Thursday, April 6
10am -11:30am
180 Doe Library
Zach Bleemer discusses how he used data science — thousands of computer-processed versions of annual registers, directories, and catalogs — to reconstruct a near-complete database of all students, faculty, and courses at four-year universities in California in the first half of the 20th century, including the UC system. Visualizations of this database display the expansion of higher education into rural California communities, the rise and fall of various academic departments and disciplines, and the slow (and still-incomplete) transition towards egalitarian major selection.
Zach will also discuss his recent CSHE Working Paper, in which he uses additional digitized records to analyze the social impact of the early 20th century’s expansion of female high school science teachers and female doctors across rural California communities. He finds that newly-arrived female STEM professionals serve as important role models for young women in these rural communities, causing substantial increases in female college-going. However, these young women are no more likely to study STEM fields or become doctors themselves. He is currently extending these results to estimate ethnicity-based role model effects.
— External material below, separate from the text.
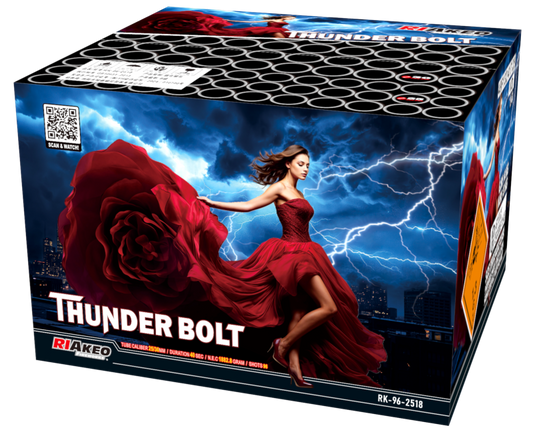 Riakeo Thunderbolt Neuheit 2025 F3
Zach Bleemer is a PhD student in Economics and Research Associate at UC Berkeley’s Center for Studies in Higher Education, where his research examines the educational and occupational decisions of young Americans. He has previously held senior research analyst positions at the Federal Reserve Bank of New York and Mathematica Policy Research, and has published studies of student debt, parental coresidence, and university attendance. He is also currently a Visiting Scholar at the Federal Reserve Bank of San Francisco and a Graduate Intern at the UC Office of the President.